米ソ冷戦下における共産主義勢力に対抗するため、米国の支援で作られた側面も否定できないのが自民党である。岸信介氏は米国の期待を一身に集めた。
米国の占領政策を否定する復古的な内容を許容してでも反共の砦としての強い保守政党を米国は望んだ。その意向を受け、イデオロギー的な分野をリードしたのは岸氏だったといえる。
しかし当時の鳩山一郎首相はどうだったか。改憲派と見られながらも、憲法改正に積極的だったとはいいがたい。鳩山家に記者として出入りしていた渡辺恒雄氏によると、当時、鳩山首相が憲法改正を演説で唱えたことはなかったという。
「鳩山一郎回顧録」には、保守合同にいたった経緯がくわしく書かれている。
左右両派の社会党だけでなく、ワンマン吉田茂が批判を浴びて選挙に敗れた自由党までもが日本民主党の鳩山内閣に対して厳しい国会対応をしてきたという当時の政治状況があった。
「これではとてもたまらない」と政界の大立者、三木武吉氏(日本民主党)は1955年4月に突然、保守の大合同が必要だと言い出し、党内に波乱を巻き起こした。

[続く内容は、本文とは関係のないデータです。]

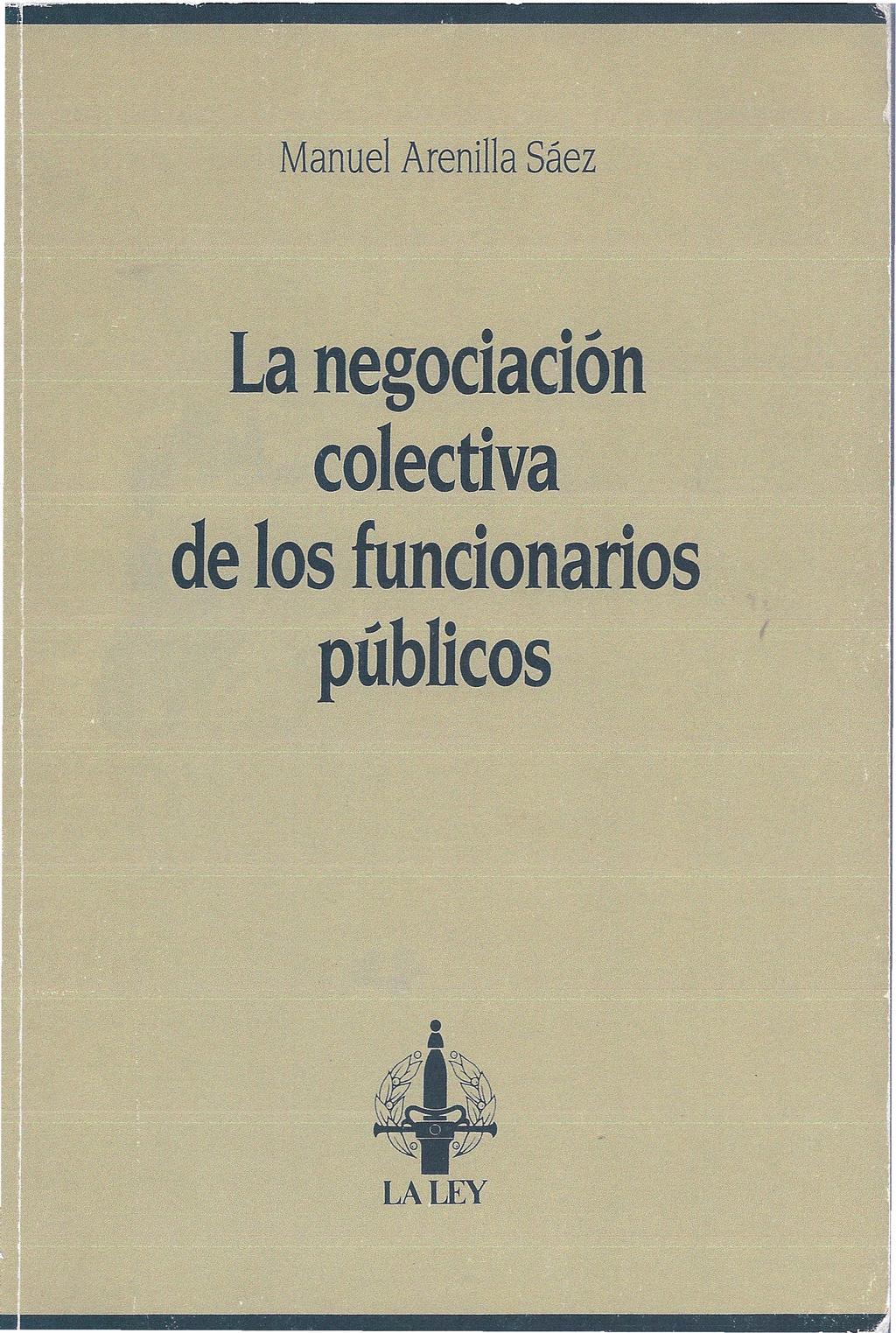 Manuel Arenilla Sáez La negociación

岸信介氏は諸手を挙げて賛成したが、三木武夫氏らは「いまさら何で自由党と手をつなぐのだ」と反発した。鳩山首相自身は「是が非でも保守合同という気持ちは持っていなかった」という。
鳩山首相は、保守合同については三木武吉、河野一郎両氏に任せていた。三木氏は保守合同にむけて工作を進め、目をつけたのが自由党の大野伴睦氏だった。

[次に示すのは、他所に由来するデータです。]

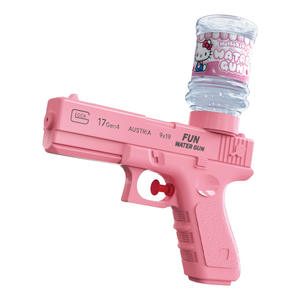 ปืนฉีดน้ำ <span class=keywords><strong>Glock</strong></span> ปืนฉีดน้ำแบบใช้มือ ความจุขนาดใหญ่ ยิงได้ สามารถใส่น้ำตาลได้ ของเล่นปืนฉีดน้ำ - Product Image 4
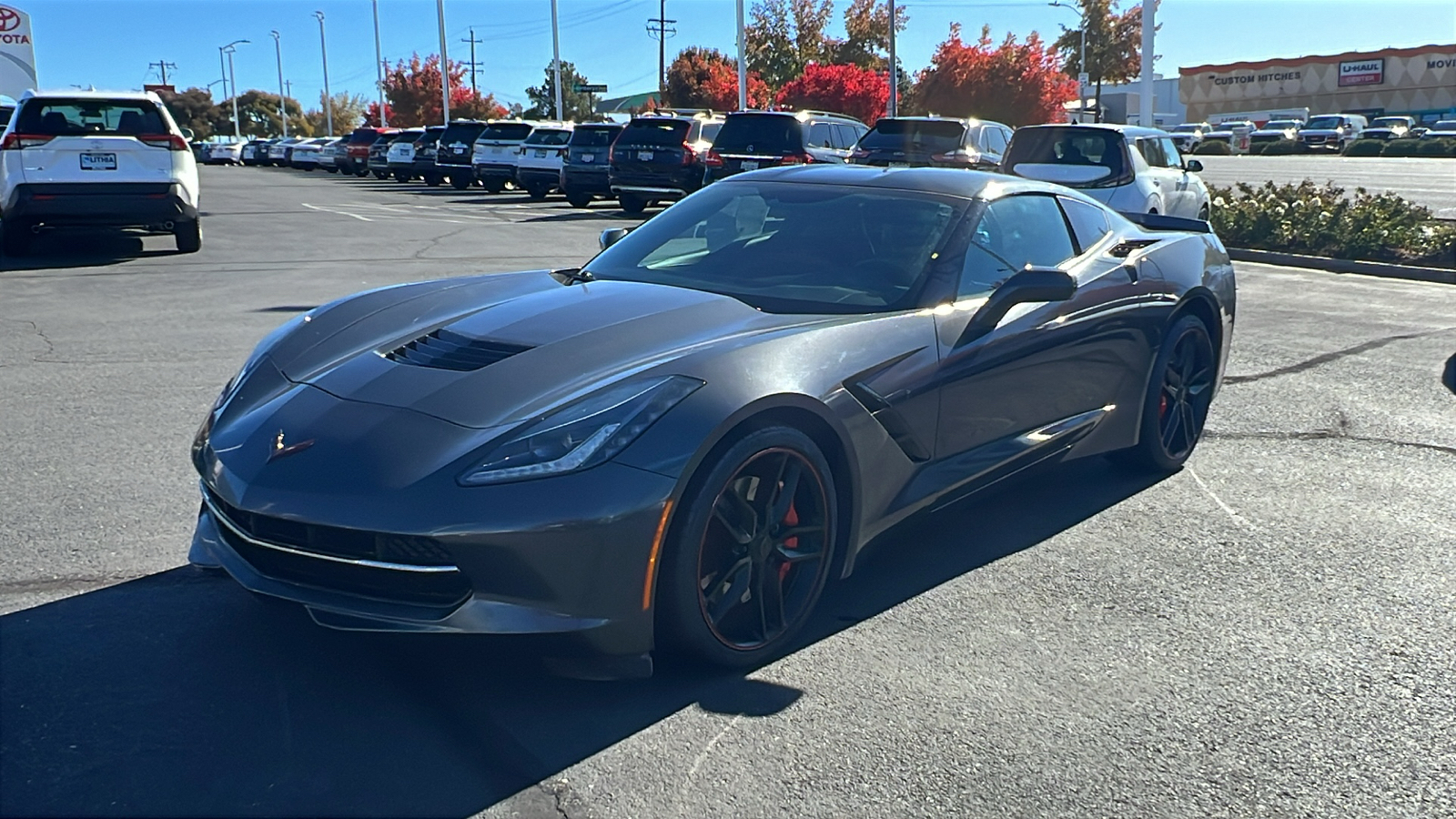 2017 Chevrolet Corvette Z51 1LT 1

「自由党に人多しといえども国家のためとあらば、自分の利害も考えずに、裸になってぶつかることのできる男は君をおいてほかにいない」と情ですり寄る三木氏の迫力に、直情径行の大野氏がほだされ、それまで犬猿の仲だった二人の実力者が急接近した。
こうした工作が実を結ばなければ、自由民主党が誕生したかどうか、わからない。二人はそれぞれの党内に横たわる難題、意見の違いを、ひとつひとつ解決し、11月に保守合同を実現させた。その前月、両派社会党が統一されたが、そのもたらす危機感が、自由、民主両党内の合同反対論を鎮静化させた面もあるだろう。
こうしてみると、自民党結党には、さまざまな考えがからんでおり、憲法改正が立党の目的だとか、党是であるとかいうのは、今の政権の都合に合わせた一面的な見方に過ぎない。
自民党の「綱領」に憲法改正が盛り込まれたのは結党から50年を経た2005年11月22日のことだ。これを「新綱領」と称している。
ちなみに安倍晋三氏が自民党幹事長になったのが2003年9月、内閣官房長官に就任したのが2005年10月31日である。安倍氏が新綱領作成に深く関わっていたのは言うまでもない。